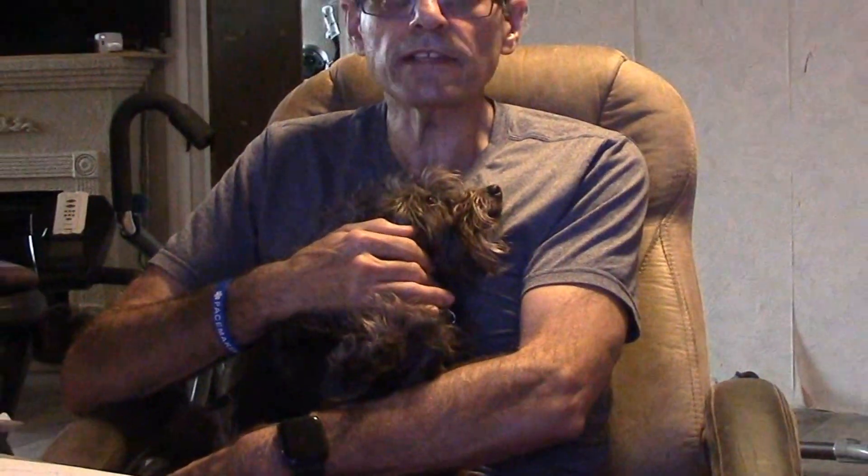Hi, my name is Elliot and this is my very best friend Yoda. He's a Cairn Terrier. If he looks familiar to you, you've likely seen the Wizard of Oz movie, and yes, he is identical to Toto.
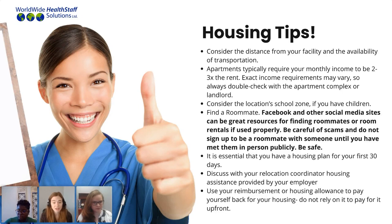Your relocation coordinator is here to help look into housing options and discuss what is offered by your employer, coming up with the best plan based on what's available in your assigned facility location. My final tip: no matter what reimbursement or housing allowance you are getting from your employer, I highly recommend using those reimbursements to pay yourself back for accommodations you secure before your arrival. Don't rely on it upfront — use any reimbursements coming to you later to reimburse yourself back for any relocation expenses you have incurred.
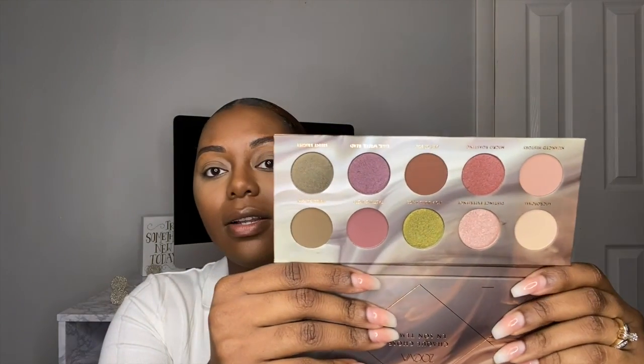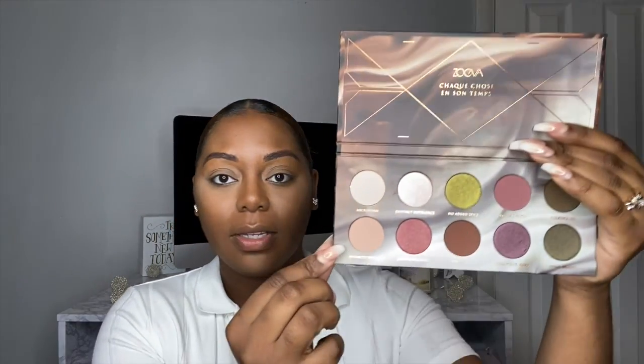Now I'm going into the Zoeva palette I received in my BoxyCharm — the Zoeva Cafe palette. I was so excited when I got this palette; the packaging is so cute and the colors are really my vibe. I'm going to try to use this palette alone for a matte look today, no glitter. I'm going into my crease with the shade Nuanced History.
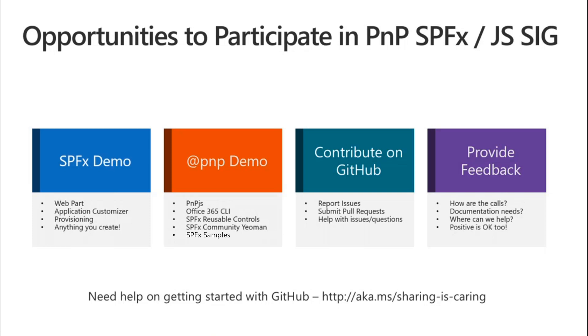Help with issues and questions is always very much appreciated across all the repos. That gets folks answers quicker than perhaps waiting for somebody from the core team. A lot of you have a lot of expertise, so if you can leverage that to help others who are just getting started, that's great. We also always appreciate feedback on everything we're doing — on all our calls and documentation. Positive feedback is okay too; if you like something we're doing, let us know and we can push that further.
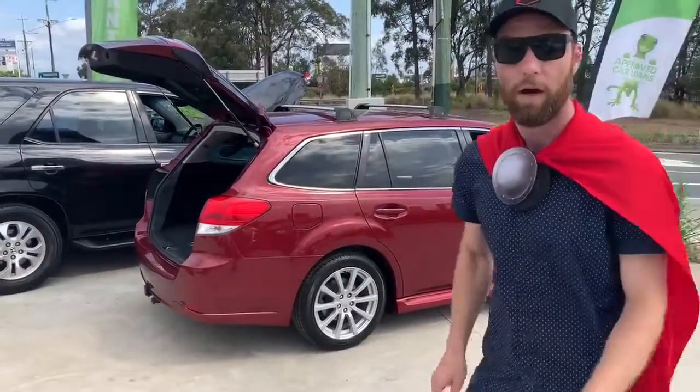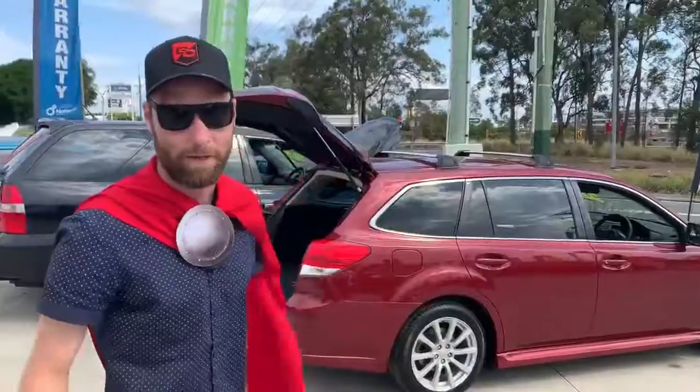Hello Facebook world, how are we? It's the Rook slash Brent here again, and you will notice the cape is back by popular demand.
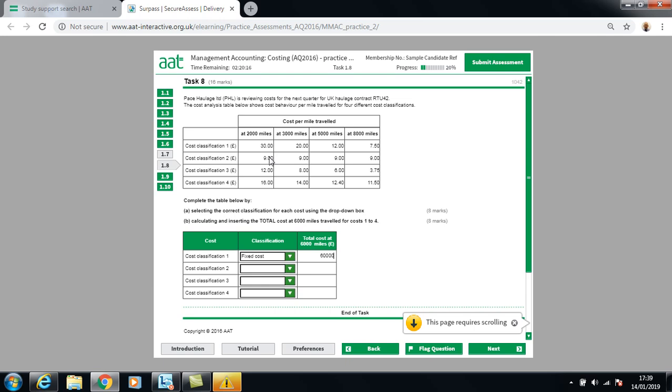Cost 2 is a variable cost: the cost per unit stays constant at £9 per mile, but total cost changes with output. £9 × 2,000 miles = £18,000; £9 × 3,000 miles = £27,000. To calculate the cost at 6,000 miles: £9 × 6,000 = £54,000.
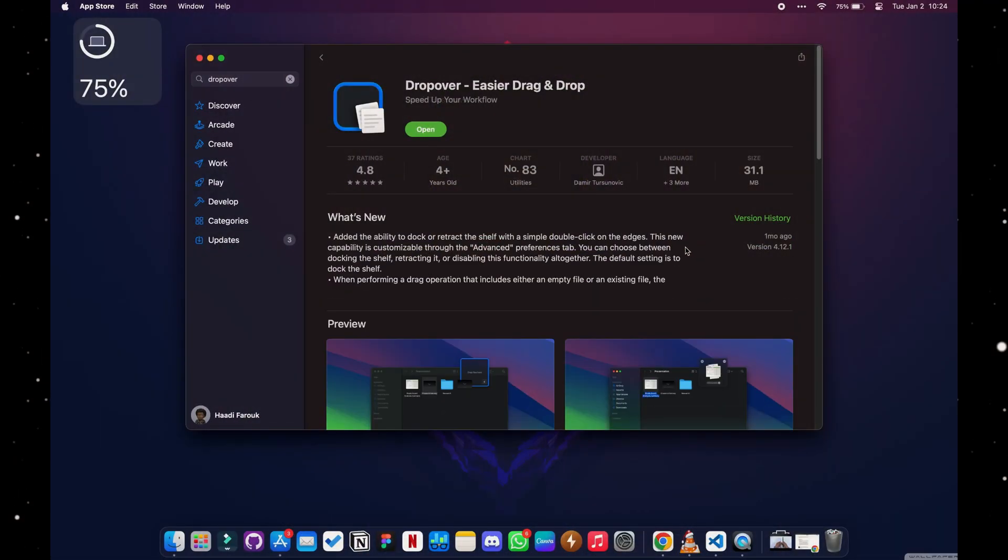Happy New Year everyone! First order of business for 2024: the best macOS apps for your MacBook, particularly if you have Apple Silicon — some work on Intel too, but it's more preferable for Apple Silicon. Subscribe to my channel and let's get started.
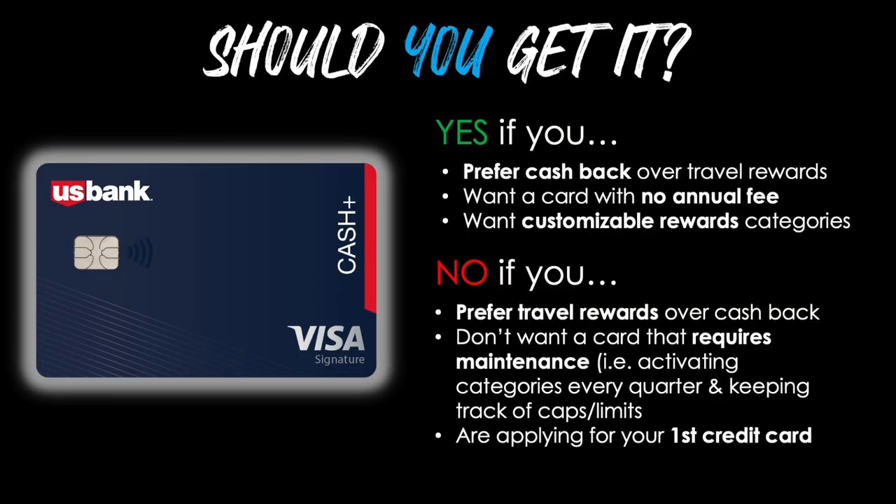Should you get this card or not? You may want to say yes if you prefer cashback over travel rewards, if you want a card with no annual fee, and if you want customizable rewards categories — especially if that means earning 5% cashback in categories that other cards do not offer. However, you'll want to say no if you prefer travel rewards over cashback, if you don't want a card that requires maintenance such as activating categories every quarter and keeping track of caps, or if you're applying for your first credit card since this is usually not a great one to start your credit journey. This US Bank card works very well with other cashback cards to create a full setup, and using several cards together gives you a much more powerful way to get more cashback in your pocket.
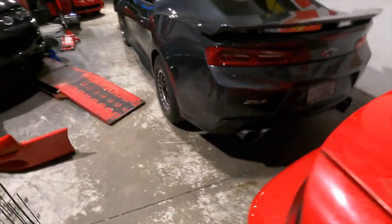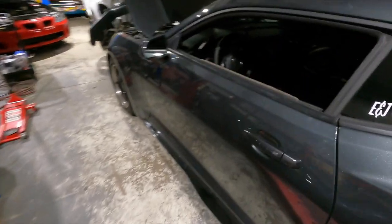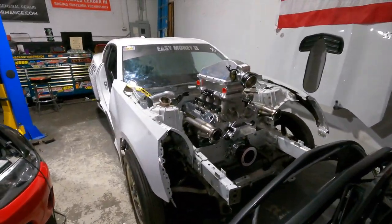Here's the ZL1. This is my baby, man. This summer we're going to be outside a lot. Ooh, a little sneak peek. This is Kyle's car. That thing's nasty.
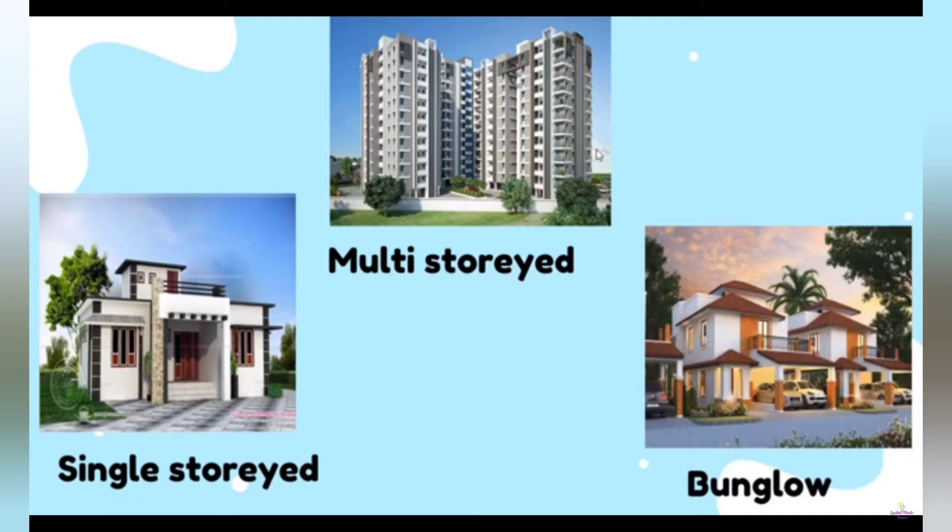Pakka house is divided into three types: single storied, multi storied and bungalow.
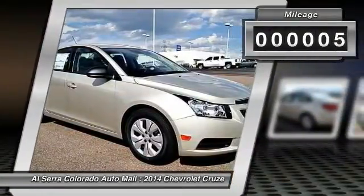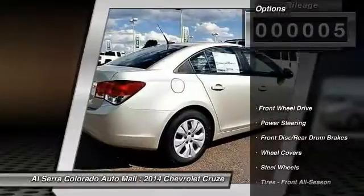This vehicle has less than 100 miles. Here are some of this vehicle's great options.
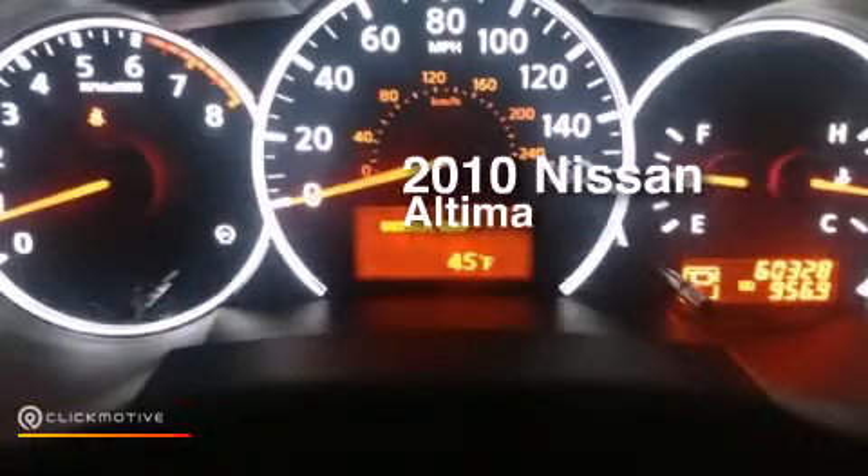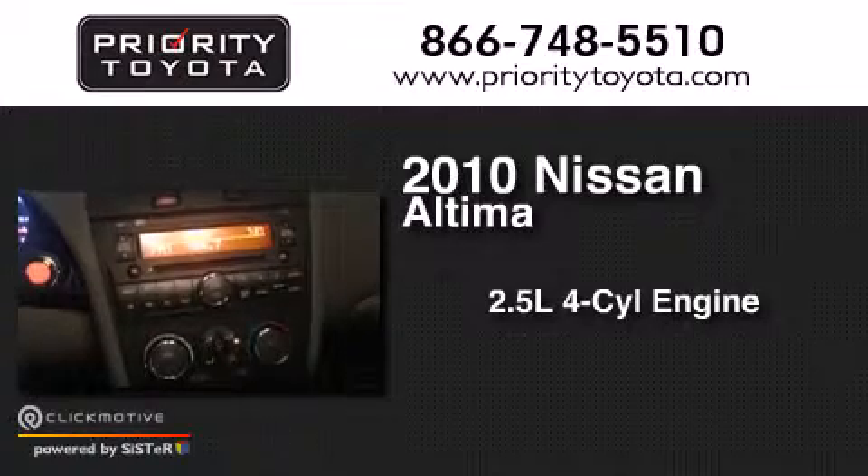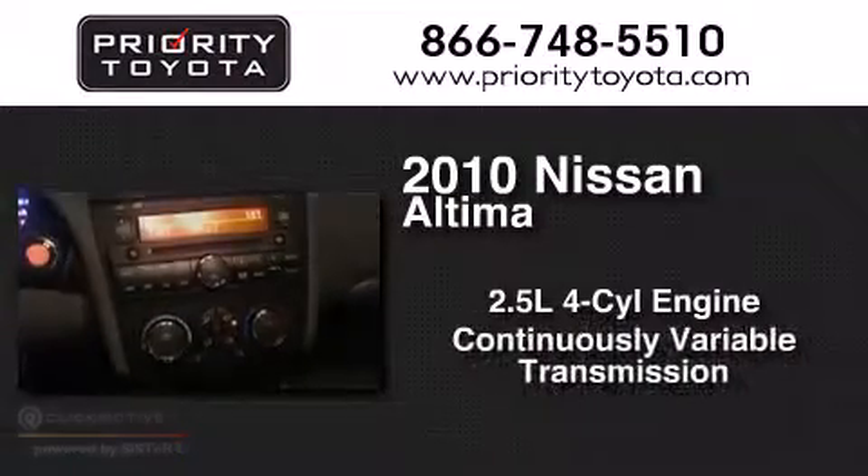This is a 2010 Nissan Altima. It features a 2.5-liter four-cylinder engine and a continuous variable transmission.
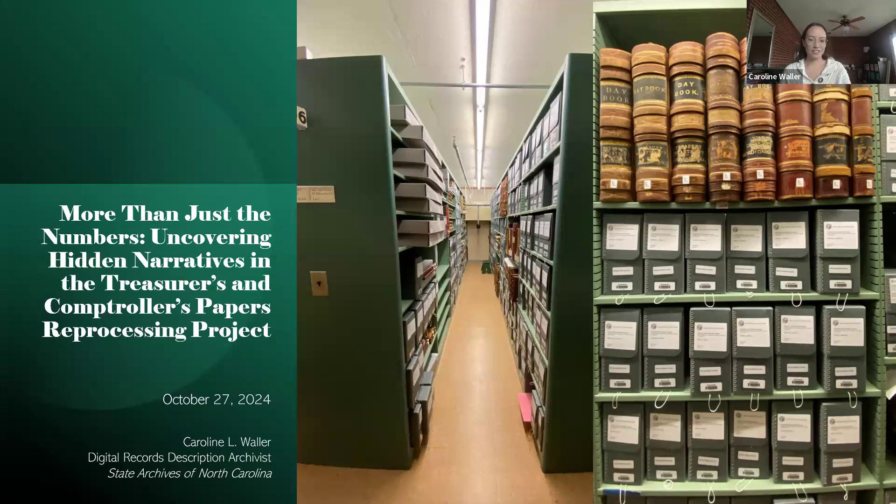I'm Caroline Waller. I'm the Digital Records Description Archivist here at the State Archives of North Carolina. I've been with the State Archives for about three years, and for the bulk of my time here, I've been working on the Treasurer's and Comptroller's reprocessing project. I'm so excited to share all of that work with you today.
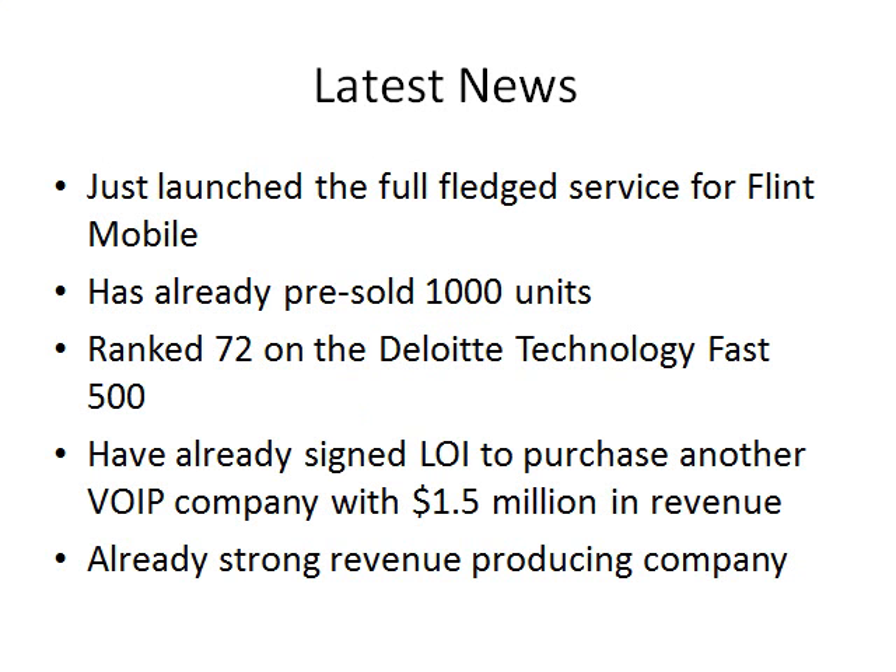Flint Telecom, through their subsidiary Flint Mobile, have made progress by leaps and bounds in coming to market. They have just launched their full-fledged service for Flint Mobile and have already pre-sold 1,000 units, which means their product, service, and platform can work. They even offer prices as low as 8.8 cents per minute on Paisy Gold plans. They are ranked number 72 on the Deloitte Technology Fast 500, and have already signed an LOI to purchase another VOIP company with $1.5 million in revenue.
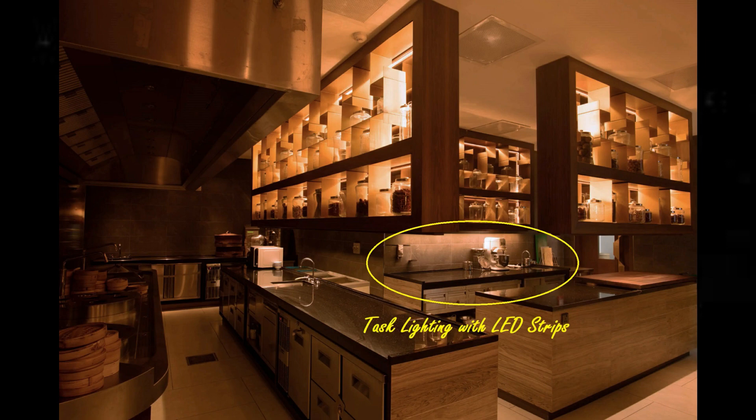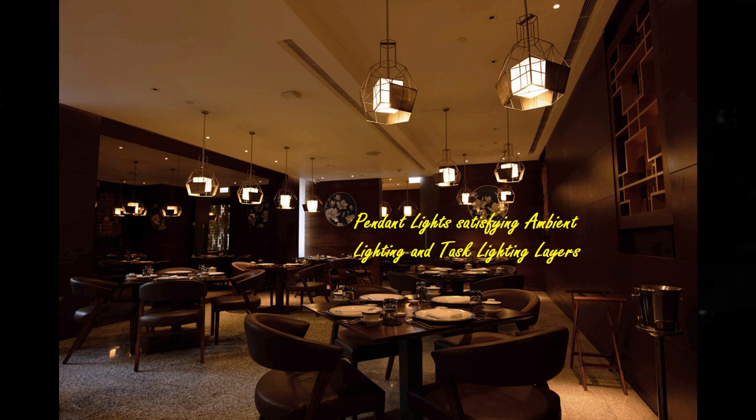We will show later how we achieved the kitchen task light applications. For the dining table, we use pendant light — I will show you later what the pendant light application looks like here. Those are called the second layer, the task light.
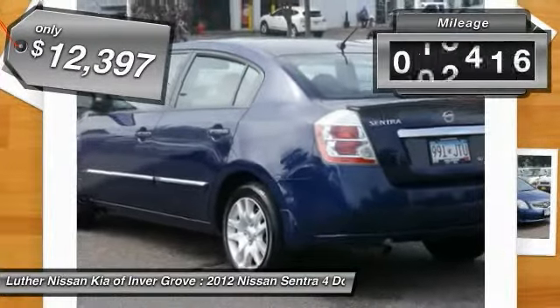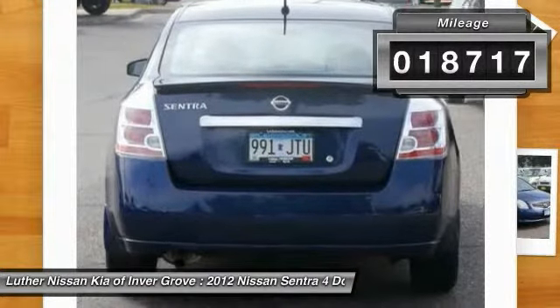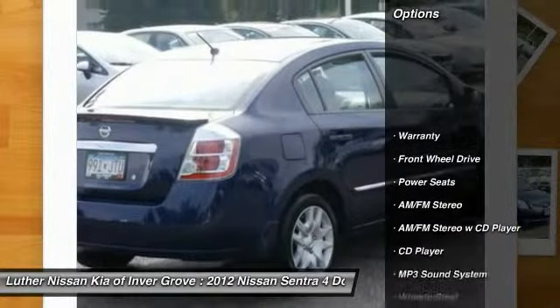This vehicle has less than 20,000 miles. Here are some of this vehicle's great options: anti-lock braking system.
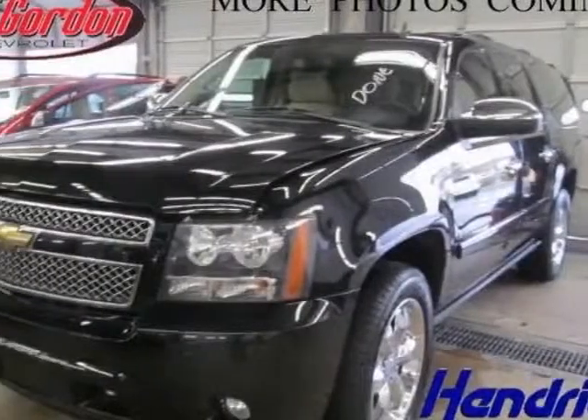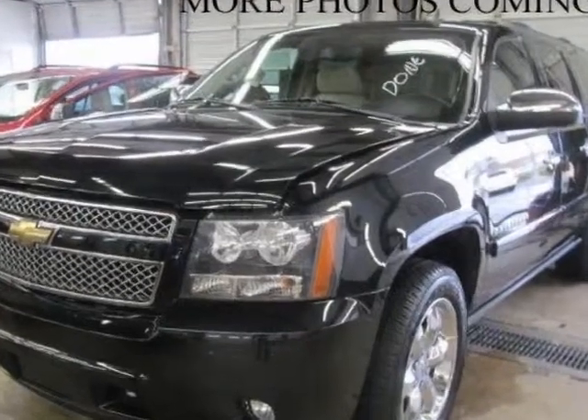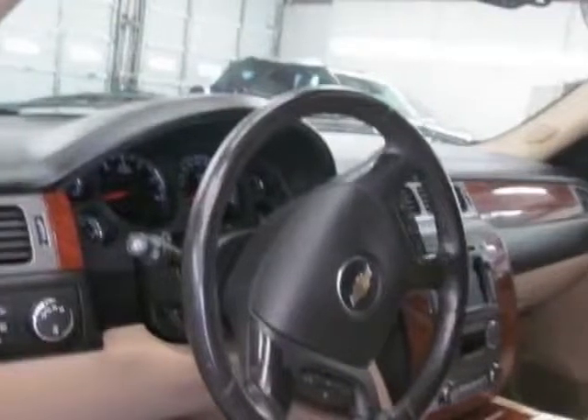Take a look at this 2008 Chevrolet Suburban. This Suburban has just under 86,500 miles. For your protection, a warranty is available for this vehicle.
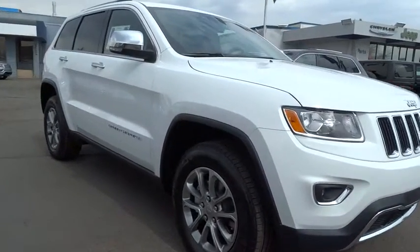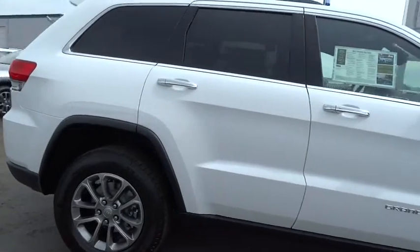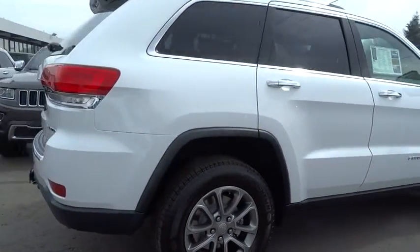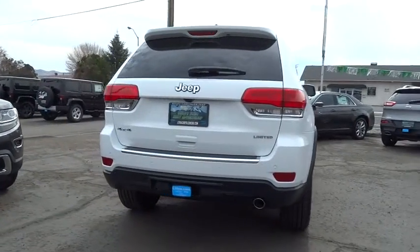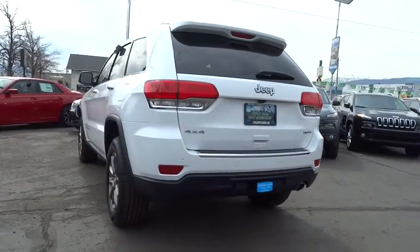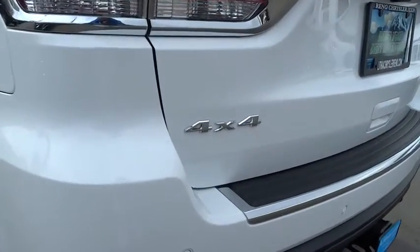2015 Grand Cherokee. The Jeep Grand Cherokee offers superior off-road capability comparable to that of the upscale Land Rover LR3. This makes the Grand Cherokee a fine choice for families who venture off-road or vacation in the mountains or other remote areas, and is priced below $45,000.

- - - - - - -

**PROBLEM DETAILS**: Write out an exact copy of the lines beginning at the line that contains "Flint Telecom, through" and ending at the last line of the listing. Exclude pictures.

**RESULT OF THIS TASK**:
Flint Telecom, through their subsidiary Flint Mobile, have made progress by leaps and bounds in coming to market. They have just launched their full-fledged service for Flint Mobile and have already pre-sold 1,000 units, which means their product, service, and platform can work. They even offer prices as low as 8.8 cents per minute on Paisy Gold plans. They are ranked number 72 on the Deloitte Technology Fast 500, and have already signed an LOI to purchase another VOIP company with $1.5 million in revenue.
We will show later how we achieved the kitchen task light applications. For the dining table, we use pendant light — I will show you later what the pendant light application looks like here. Those are called the second layer, the task light.
This vehicle has less than 20,000 miles. Here are some of this vehicle's great options: anti-lock braking system.
Take a look at this 2008 Chevrolet Suburban. This Suburban has just under 86,500 miles. For your protection, a warranty is available for this vehicle.
2015 Grand Cherokee. The Jeep Grand Cherokee offers superior off-road capability comparable to that of the upscale Land Rover LR3. This makes the Grand Cherokee a fine choice for families who venture off-road or vacation in the mountains or other remote areas, and is priced below $45,000.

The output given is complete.